Blood, the title character, is a terrifying ten foot tall succubus, who attacks an unhappily married couple and demands they lay their most lurid sexual fantasies before her — or face certain death.

Once passionately in lust, He (Phrederic Semaj) and She (Maria Tomas) wed spontaneously and rashly, the ceremony officiated by a voodoo priestess whose idea of a good joke was to bond the pair forever to this insatiable demon.

Alas, the couple’s sex life is now stalled at ground zero, so their efforts to comply with the creature’s thunderous command at first seem frenzied and futile.

Eventually “He” rises to the challenge with a raw and troubling image: As a black schoolboy, he’s tied to a chair, while his sexy white teacher taunts him provocatively about his secret desires. The woman's vicious racism, her malicious intent to humiliate a person of color, are crystal clear.

Later “She” comes up with description of a blazing-hot carnal coupling, with herself at its center. This fantasy takes him aback; she’d been shutting him out for years, countering his pleas for sex with ridicule and rejection.

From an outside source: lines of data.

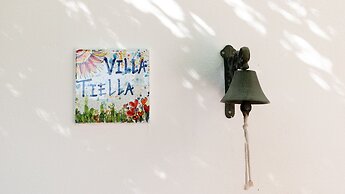 Villa Tiella e Casa Frisa - Shared Pool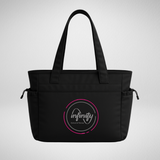 Infinity School Of Dance Oversized Studio Tote Bag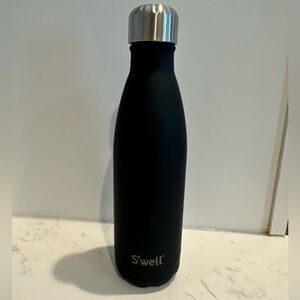 S'well Matte Black Water Bottle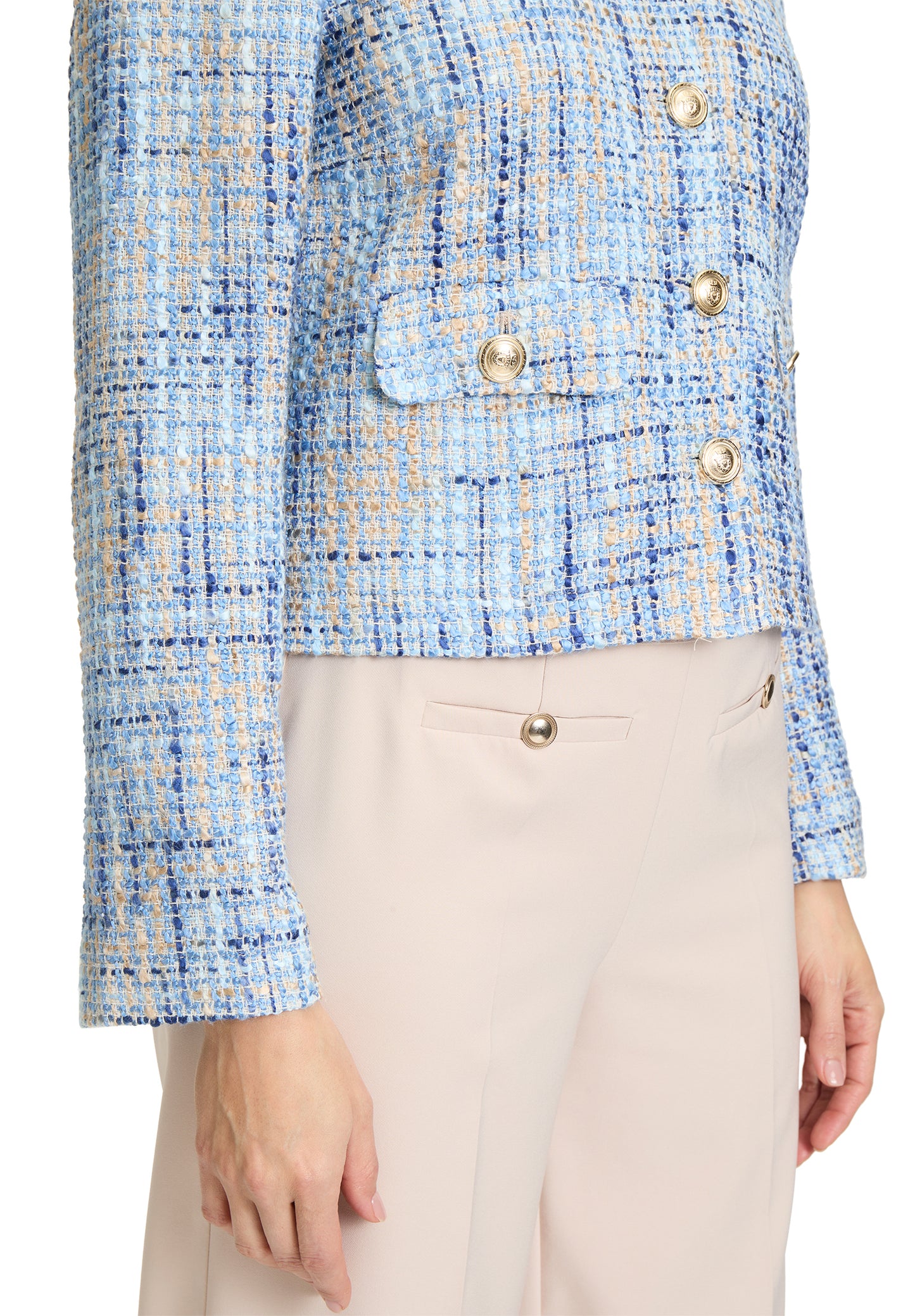 Betty Barclay Boucle Jacket 4512/1079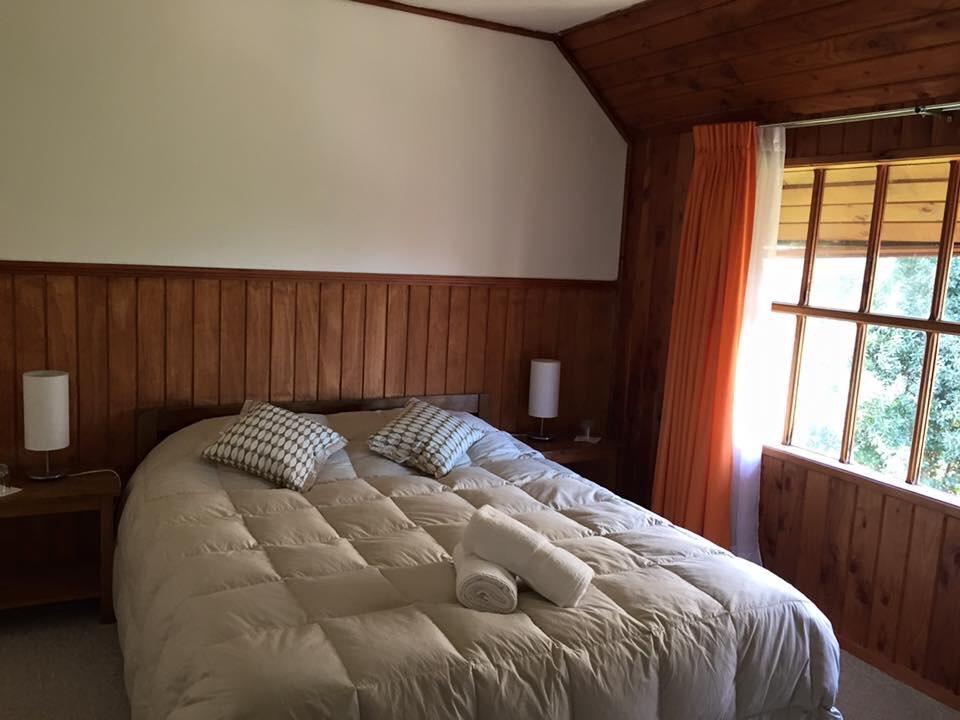 Hosteria Bilbao Villarrica Kültér fotó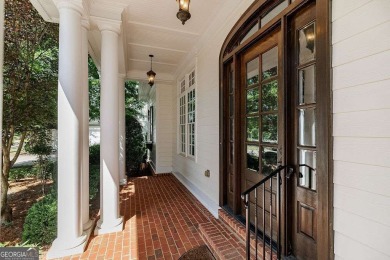 Beautiful ranch-style home in The Georgia Club offering on The Georgia Club in Georgia - for sale on GolfHomes.com, golf home, golf lot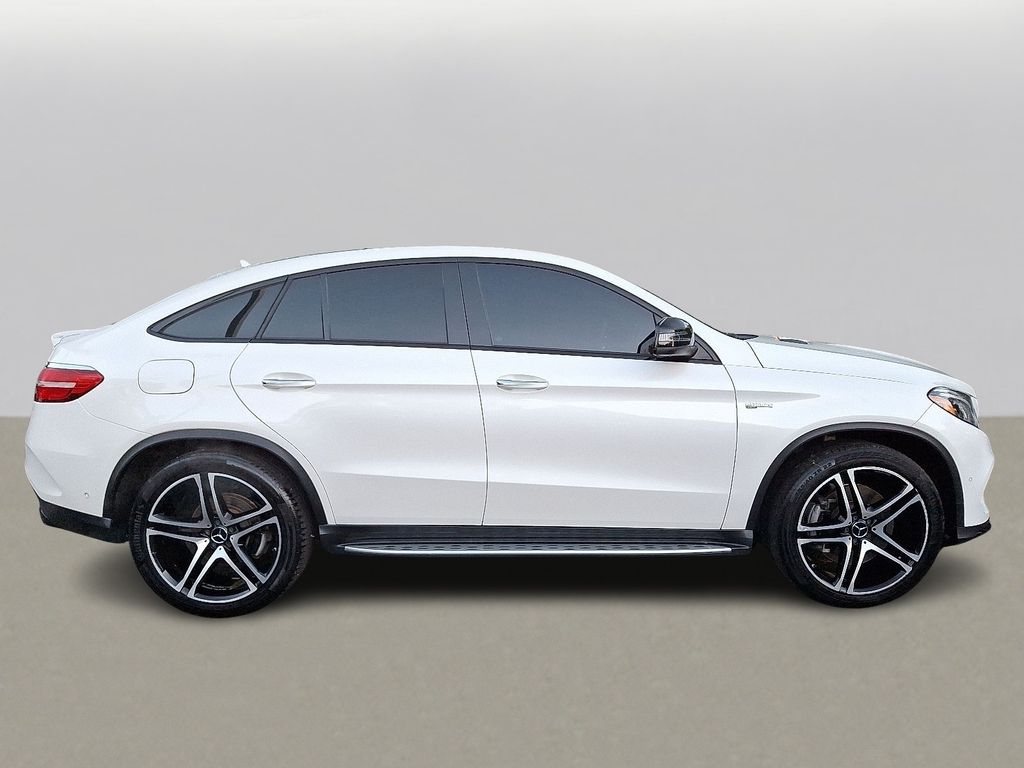 2019 Mercedes Benz GLE AMG 43 photo 4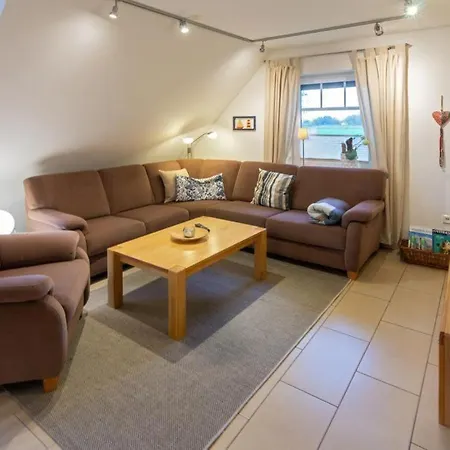 Apartament Ferienwohnung-deichblick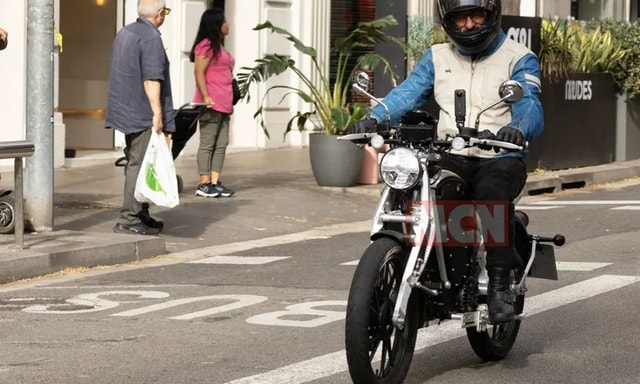 Upcoming Royal Enfield Electric Motorcycle Spied Undisguised Upcoming Royal Enfield Electric Motorcycle Spied Undisguised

Rhythmic and compelling, Blood starts out as the story of a man and woman’s relationship gone awry, then shifts to a kind of carnivalesque freakshow whose main purpose is to entertain. There’s a ripple of a Faustian bargain beneath it all, the suggestion that those who demand too much will pay a price.

Tasked with vocalizing the ogress who threatens them, as well as portraying her frightened victims, the two performers work hard, conjuring a spine-tingling specter with only their vocal cords. Kudos for that.

The play’s most dramatic moment is surely Semaj’s depiction of a bound and sexually harassed black child. Almost painful to watch, it was for me the highlight of the play. Elsewhere, the performer is solid as a sophisticated but sexually frustrated man trying desperately to repair his marriage.

The production’s weakest element is Tomas’ rendering of the woman, who is bitter and shrewish and deaf to her partner’s pleas to resolve their problem. There’s no hint of vulnerability in this interpretation, nothing to explain the character’s miserable temper. Some of that may have to do with the writing , though. As insightful as Edward's' writing is, as skillfully as he choreographs the collapse of their union, the story’s perspective is definitively male.

Theatre Theater, 5041 Pico Blvd., L.A. through May 30. brownpapertickets.com.